―with Uche Ezenwa-Ohaeto

Something sits on my heart like night sits on day:
A verdant lush too heavy to pass through my throat.
In one night, rivers redden where bone-rubble, limbs float.
Here, mother is a name for a woman whose children do not return home after nightfall.
And stories grow inside mouths as bombs are feasts falling like raindrops.
Here, father is an open wound; his head a mosaic of bullet holes.
My heart is weighed down by dead butterflies. And wingless crickets.
The ventricles of my home are fields filled with dead bodies.
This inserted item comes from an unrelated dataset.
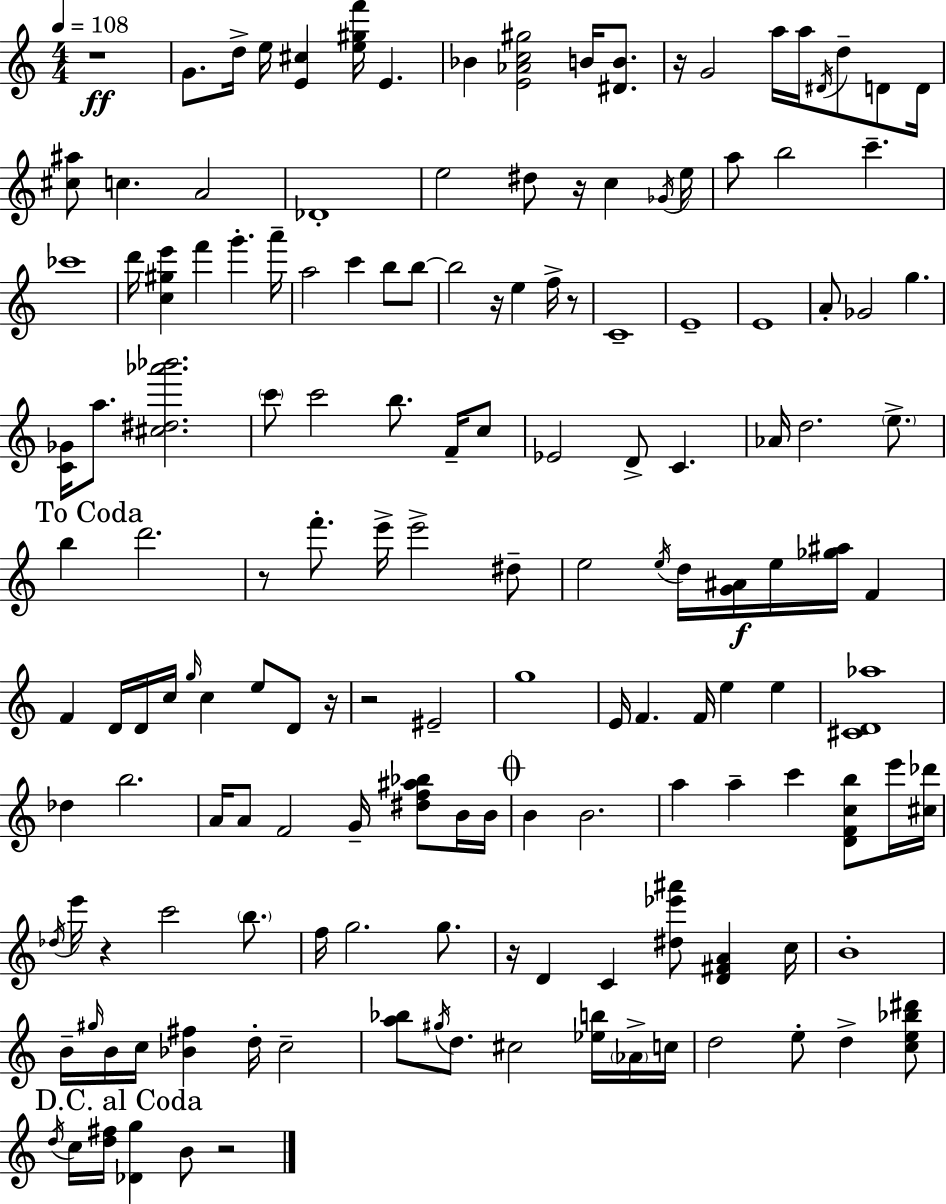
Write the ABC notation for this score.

My heart is a cave harboring shelves
Of losses: like children’s bones buried in the sands;
Like herdsmen’s bullet holes found in skulls; like families’ tears for those
Wallowed by uncontrolled flood; like villages fed with grief
For their farms strangled by oil spillages.
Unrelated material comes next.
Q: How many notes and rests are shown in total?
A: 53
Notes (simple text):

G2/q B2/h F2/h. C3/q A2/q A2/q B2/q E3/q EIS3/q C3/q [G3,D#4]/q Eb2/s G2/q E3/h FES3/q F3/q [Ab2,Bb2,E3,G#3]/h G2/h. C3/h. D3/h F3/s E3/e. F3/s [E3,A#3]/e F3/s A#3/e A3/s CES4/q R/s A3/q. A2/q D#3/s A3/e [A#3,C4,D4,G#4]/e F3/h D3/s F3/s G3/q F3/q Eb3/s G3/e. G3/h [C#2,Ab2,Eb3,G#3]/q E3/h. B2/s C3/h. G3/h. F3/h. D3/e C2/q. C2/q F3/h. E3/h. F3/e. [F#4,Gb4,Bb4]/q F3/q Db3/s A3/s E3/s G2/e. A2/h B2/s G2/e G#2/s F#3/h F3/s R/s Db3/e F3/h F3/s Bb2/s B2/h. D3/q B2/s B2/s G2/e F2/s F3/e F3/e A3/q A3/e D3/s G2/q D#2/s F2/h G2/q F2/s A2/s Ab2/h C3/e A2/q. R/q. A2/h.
Each time I look about me and see the clusters
Of deaths, I am hurt. Yet my hands, slender
As prayers, fondle the soft rustle of hope.

Chinua Ezenwa-Ohaeto

Chinua is from Owerri-Nkworji in Nkwerre, Imo state, Nigeria and grew up between Germany and Nigeria. He has a Chapbook, The Teenager Who Became My Mother (Sevhage Publishers). He became a runner-up in Etisalat Prize for Literature, flash fiction (2014). He won the Castello di Duino Poesia Prize for an unpublished poem (2018), which took him to Italy. He was the recipient of New Hampshire Institute of Art’s 2018 Writing Award, and also the recipient of New Hampshire Institute of Art’s 2018 scholarship to its MFA Program. In 2019, he was the winner of Sevhage/Angus Poetry Prize and second runner-up in 5th Singapore Poetry Contest. He won the First Prize in the Creators of Justice Literary Award, Poetry category, organized by International Human rights Art Festival, New York (2020). His works have appeared in Lunaris Review, AFREADA, Poet Lore, Rush Magazine, Frontier, Palette, Malahat review, Southword Magazine, Vallum, Mud Season Review, Salamander, Strange Horizons, One, Ake Review, Crannòg magazine, The Question Marker and elsewhere.